FBU on brink of major rupture as breakaway union launched

THERE IS NOW the likelihood of a significant and historic split in the Fire Brigades Union (FBU) following the launch of a breakaway organisation in the union’s second-largest region.

A group calling itself the ‘London Firefighters Union’ (LFU) – reportedly the creation of a number of serving FBU officials – recently signalled its arrival via social media and a dedicated website.

The new union stated in its launch publicity that it had been established in response to the “cover-ups and corruption” of the current FBU leadership and, shortly afterwards, reported that it had received over a thousand expressions of interest from London firefighters.

In response to the development, the FBU’s executive council (EC) met in emergency session yesterday (18 September). Following the meeting, the EC issued a statement condemning the launch of the new organisation and describing it as “an attempt to undermine the unity of firefighters in defending pay, terms and conditions”. The statement also threatened disciplinary action against any FBU member who was found to have joined the new union (a threat which, if carried out, would actually be unlawful under section 65(2)(g) of the Trade Union and Labour Relations Act 1992, which expressly prohibits trade unions from taking disciplinary action against members for the act of joining another union).

For the record, nobody connected with Campaign for a Democratic FBU has any involvement with the LFU. Our focus remains on trying to win back the FBU for its members.
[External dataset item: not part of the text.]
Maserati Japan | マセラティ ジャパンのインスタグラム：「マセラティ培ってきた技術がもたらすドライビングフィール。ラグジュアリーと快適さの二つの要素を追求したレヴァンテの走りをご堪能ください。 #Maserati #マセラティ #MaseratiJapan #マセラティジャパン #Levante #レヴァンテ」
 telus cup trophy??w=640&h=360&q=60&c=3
But neither are we surprised by the emergence of the new union. After all, as we have demonstrated in blog after blog over the past two years, the leadership of the FBU has become a law unto itself; running the union along the most authoritarian lines; presiding over an erosion of democracy, accountability and transparency; breaching rules and policies at will; embroiling itself in financial scandals; trying to hide the spending activities of senior officials from members; conducting political witch-hunts against dissenters; using the rule book as a political weapon; bullying its own staff; making up policies retrospectively to justify disciplinary action; and attaching itself to political causes and organisations that do not enjoy the support of mainstream members. In short, it is a leadership which has brought massive dysfunction to the union and runs the organisation as if it were its own personal property.

In that context, it is hardly surprising that FBU leaders released such a heavy-handed and threatening statement in response to the launch of the LFU. It is how they do things, these days.

The split in the FBU would be the first significant rupture in a trade union since several officials of the Prison Officers’ Association (POA) broke away to form the Criminal Justice Workers’ Union (CJWU) in 2020.

The FBU leadership may try to persuade itself that it is blameless in this whole affair and that the new union is the work of dark and sinister forces. Or it may choose to engage in some honest self-reflection and ask itself whether its own conduct over recent years might have led the union to the quite appalling place where it now finds itself – on the brink of a major (and potentially irreversible) schism.